Tuesday, 15 July 2014

Bills

National Health Amendment (Pharmaceutical Benefits) Bill 2014; Second Reading

8:00 pm

Photo of Warren SnowdonWarren Snowdon (Lingiari, Australian Labor Party, Shadow Parliamentary Secretary for External Territories) Share this | Hansard source

It gives me not exactly pleasure to speak to the National Health Amendment (Pharmaceutical Benefits) Bill 2014, because I think it is an affront to us all; however, I think it is good to be reminded of what this bill is actually about. Its purpose is to amend the National Health Act 1953 in order to increase the co-payment and safety net amounts for items listed under the Pharmaceutical Benefits Scheme and the Repatriation Pharmaceutical Benefits Scheme. The bill will increase the co-payment for general patients by $5 to $42.70, the co-payment for concessional cardholders by 80c to $6.90, the safety net for general patients by 10 per cent each year for four years and the safety net for concessional patients by prescriptions each year for four years.

As other opposition speakers have said following the member for Ballarat's contribution, Labor will be opposing this $1.3 billion tax increase on medicines because, like the GP tax, it will hurt every Australian, particularly the sick, the most vulnerable and the disadvantaged. As I have pointed out on a number of occasions in this place, there are far too many of those people in my own electorate. The government wants us to pay a GP tax for doctor visits as well as for pathology and medical imaging, and now in this legislation it seeks to increase our contributions for essential medicines.

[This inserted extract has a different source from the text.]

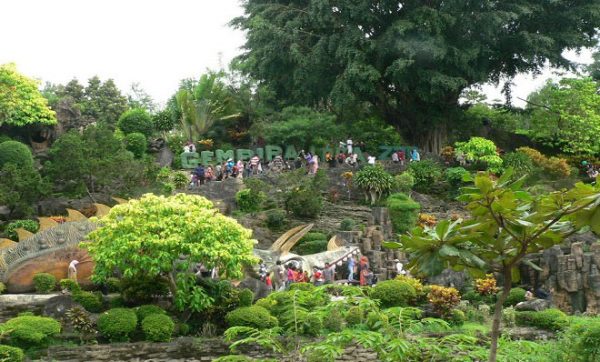 suasana-dalam-gembira-loka-zoo-600x362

What I do not think is commonly understood is the massive disincentive these measures will have on people accessing medicine or, indeed, the suite of measures which the government has introduced as a disincentive so that people will not attend their doctor, their GP, not get the pathology tests, not do the preventative health things that are very important for people in order to manage their own health and also not get the medicines that they require to look after their own health or that of their families.

The Prime Minister has said in this place that this is a demand reduction exercise; this is about getting people not to go to the doctor. Indeed, ultimately this will mean less call on the Pharmaceutical Benefits Scheme. It appears that this is how the government want to get its savings while, at the same time, increase the revenue they receive from the Pharmaceutical Benefits Scheme as a result of increasing the co-contribution levels. They are doing this while, at the same time, telling us that the budget is in crisis—but then they are having this money diverted to a health research fund. They are not actually addressing the issues to do with the bottom line. I want to commend the member for Blair for his contribution earlier, where he pinpointed this very clearly. It is totally unacceptable for the government to continue this farrago of untruths about the state of the budget and the reasons why it is seeking to have every Australian pay these co-payments when the moneys are not going to be used to alleviate the budget crisis. That in itself is evidence enough of the hypocrisy involved in these proposals.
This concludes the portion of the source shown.